Bu saldırıyı tamamına erdirememiş olsa da, altından büyük bir karanlık çıkardığını biliyoruz ve buna İslamizasyon diyoruz ve ne “rastlantı” ki, “tarihin cilvesi” de diyebiliriz, kendi öz evlatlarına saldıran Kemalizm’in bu saldırısının altından çıkardığı karanlığa, Kürtler gönüllü olarak girdiler ve çıkmaya niyetleri olmadığı, aksine iktidarı paylaşma planları yaptıkları apaçık görülmektedir!

Demek ki hâlâ ideolojiye ihtiyacımız var ve solun, karanlıkla irtibatı olmayan, güçlü bir düşünceyi netlikle ortaya çıkarması kaçınılmazdır!

Yeter ki, solun içindeki bulanıklığı kovup, netliği egemen kılabilelim ki bunun bile ideolojiye ihtiyacı olduğunu görebilmek ve bilince çıkartabilmek için çok zeki olmaya gerek yoktur!

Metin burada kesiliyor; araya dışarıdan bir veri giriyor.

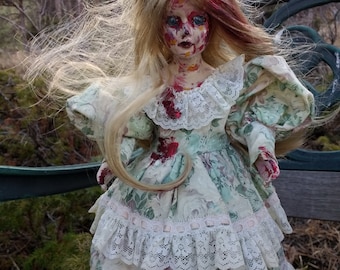 Zombie /altered doll/art doll/collectable doll/gothic/horror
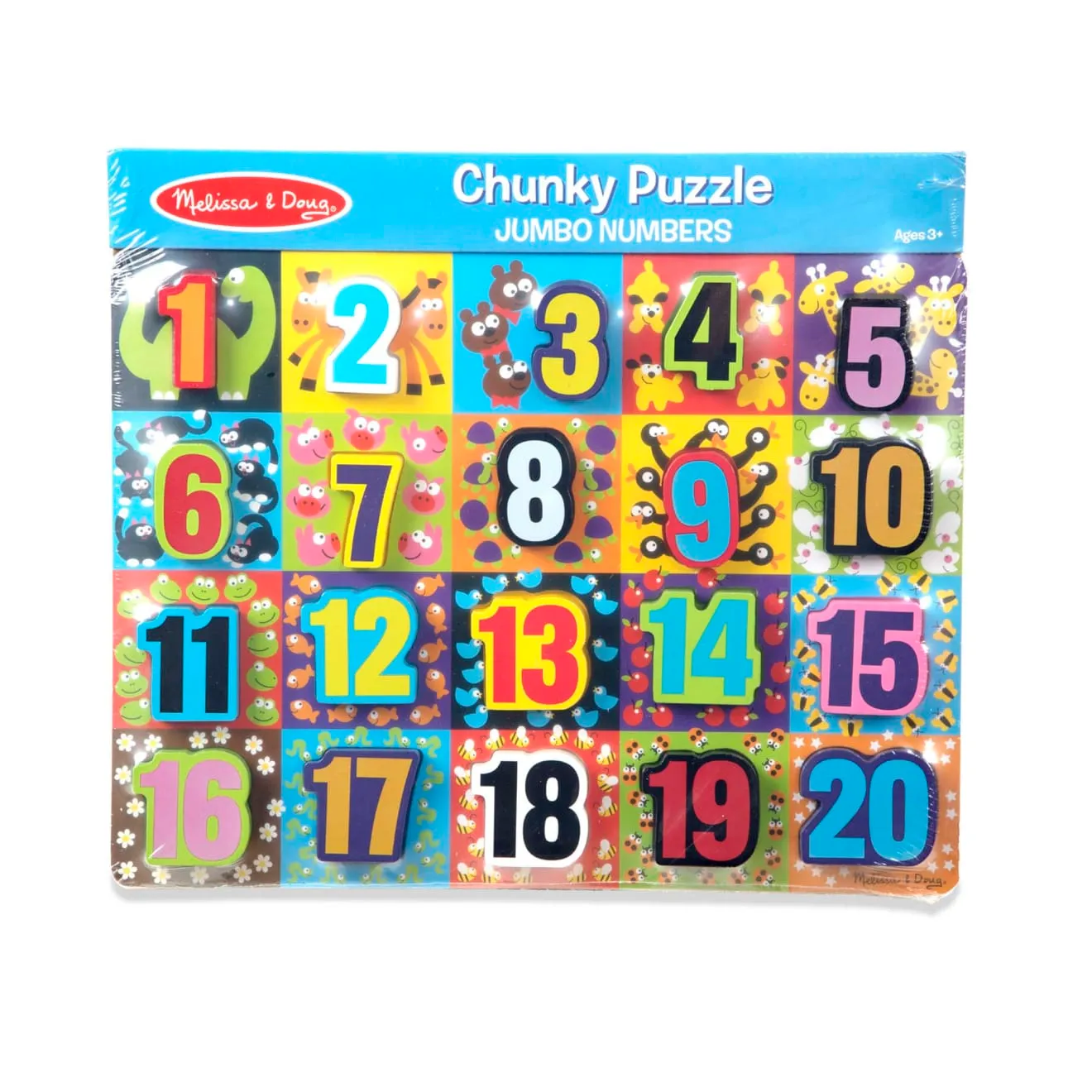 Melissa & Doug Jumbo Numbers Holzpuzzle Zahlen 1-20 20 Teile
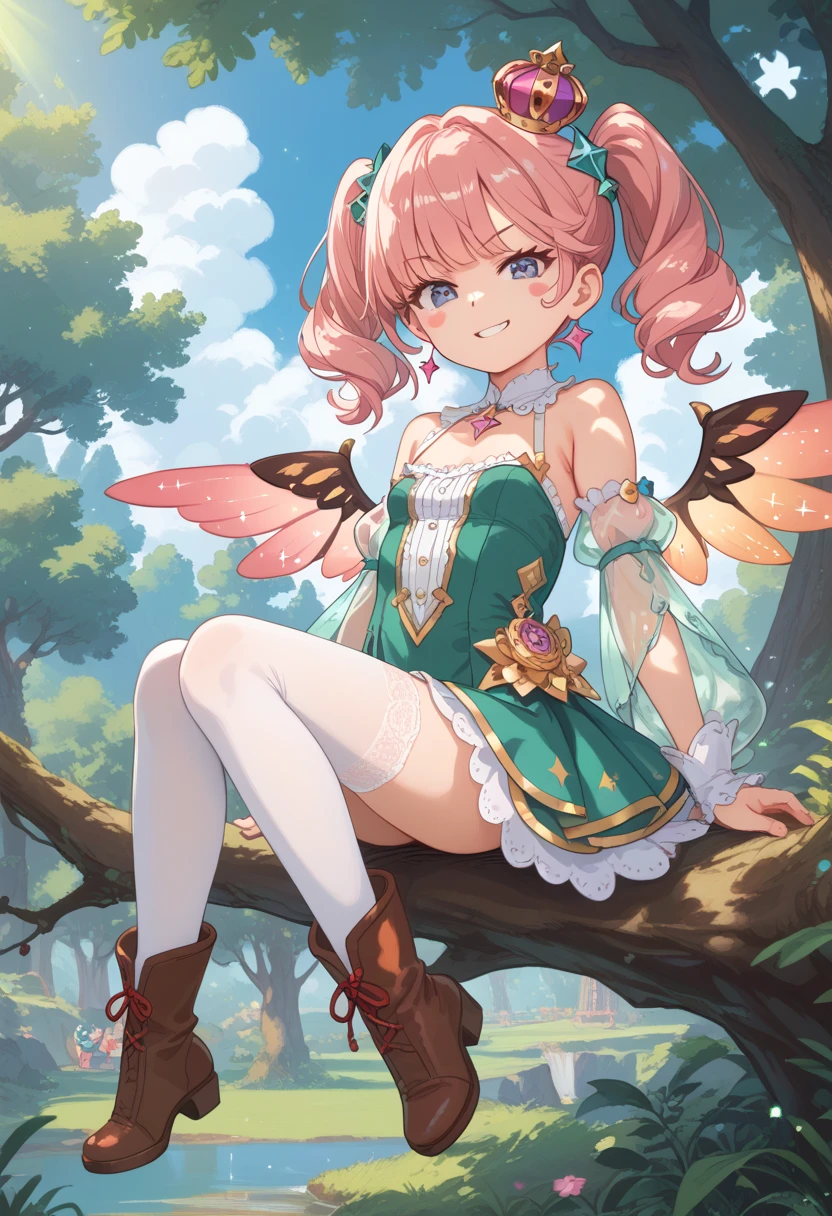a fairy girl, full body, wearing a transparent pink golden lolita dresses, big ribbon ornament on hair, floral earrings, a penis penetration on vagina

O halde özetin özeti niyetine altını çizerek tekrar etmeliyim ki, en büyük sorunumuz, hepsi tarihsel olarak zamanlarını tüketmiş kategoriler olan ne devlet, ne ümmet, ne ulus, ne de piyasa toplumudur; ideolojisiz kalmışlığımızdan nasıl kurtulacağımızdır en önemli sorumuz ve sorunumuz!

Ve ikisi de tarihsel birer kategori olan “ümmeti” başımıza koyup, “devleti” en büyük sorun yapmak, devletten çıkmak istememenin üstünü örtmek için değilse, ideolojisizliğin dışavurumundan başka bir şey değildir.

Saygıyla ve sevgiyle ve bu vesileyle asker postalı ve polis üniforması giymiş emekçi çocuklarının kayıpları ile analarının ve babalarının yüreklerine çöken acıyı yürekten hissettiğimi ve bu işte bir terslik olduğuna, bu işin Kürt siyasal hareketine bir getirisi olmadığına olan inancımı ifade ederek bitiriyorum!